Kamal Kharrazi Meninggal Dunia Akibat Luka-Luka yang Dialami dalam Serangan AS-Israel

Teheran, Purna Warta – Kepala Dewan Strategis Hubungan Luar Negeri Iran, Kamal Kharrazi, yang sebelumnya terluka dalam serangan udara AS-Israel, meninggal dunia akibat luka-lukanya dan dinyatakan gugur sebagai martir.

Kharrazi menjadi sasaran serangan yang disengaja selama agresi militer AS-Israel terhadap Iran.

Pada 1 April, selama pemboman di Teheran, kediaman Kharrazi dihantam oleh pesawat Amerika-Israel, yang mengakibatkan gugurnya istrinya.

Amerika Serikat dan rezim Israel melancarkan kampanye militer besar-besaran tanpa provokasi terhadap Iran setelah pembunuhan Pemimpin Revolusi Islam saat itu, Ayatollah Seyed Ali Khamenei, bersama beberapa komandan militer senior dan warga sipil pada 28 Februari.

Sebagai balasan, Angkatan Bersenjata Iran melancarkan serangan terhadap posisi Amerika dan Israel di wilayah tersebut, menunjukkan kemampuan mereka untuk membalas secara efektif.
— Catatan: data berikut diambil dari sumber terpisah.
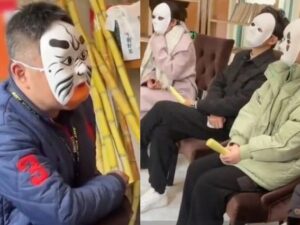 Cekricek.id – Demi menghindari diskriminasi agar dapat berlaku adil dalam merekrut karyawan, sebuah perusahaan di Chengdu, China memiliki solusi jitu yang terdengar aneh. Meski begitu, mereka sukses menuai pujian karena dianggap telah berhasil menghindari tindakan pilih kasih tersebut.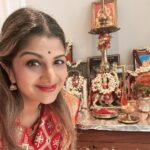 Rambha Instagram - Happy Vijayadasami ❤️🙏 #festival #navratri #durgapuja #celebration #celebrity #familylife #women #function#happy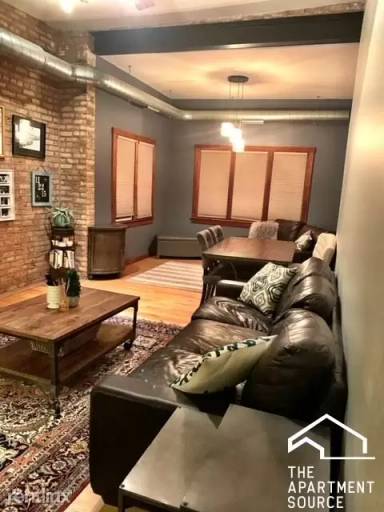 Main picture of 7076 N Ashland Blvd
Meskipun awalnya para penyerang mengharapkan kemenangan cepat, respons Iran terbukti jauh lebih ampuh, menimbulkan kerusakan besar pada sumber daya militer AS dan Israel sekaligus membangkitkan persatuan dan perlawanan bangsa.

Meskipun presiden AS telah mengeluarkan ultimatum, mediasi Pakistan memfasilitasi kesepakatan untuk gencatan senjata selama dua minggu di mana negosiasi akan berlangsung di Islamabad. Iran telah mengusulkan rencana sepuluh poin sebagai dasar diskusi, mencari persyaratan seperti penarikan pasukan AS dari wilayah tersebut, pencabutan sanksi, dan penetapan kendali atas Selat Hormuz.

Dewan Keamanan Nasional Tertinggi Iran pada tanggal 8 April menekankan bahwa agresi tersebut telah menghasilkan kemenangan bersejarah bagi Iran, memaksa AS untuk menerima persyaratan negosiasi, termasuk rencana jaminan non-agresi dan penghentian permusuhan.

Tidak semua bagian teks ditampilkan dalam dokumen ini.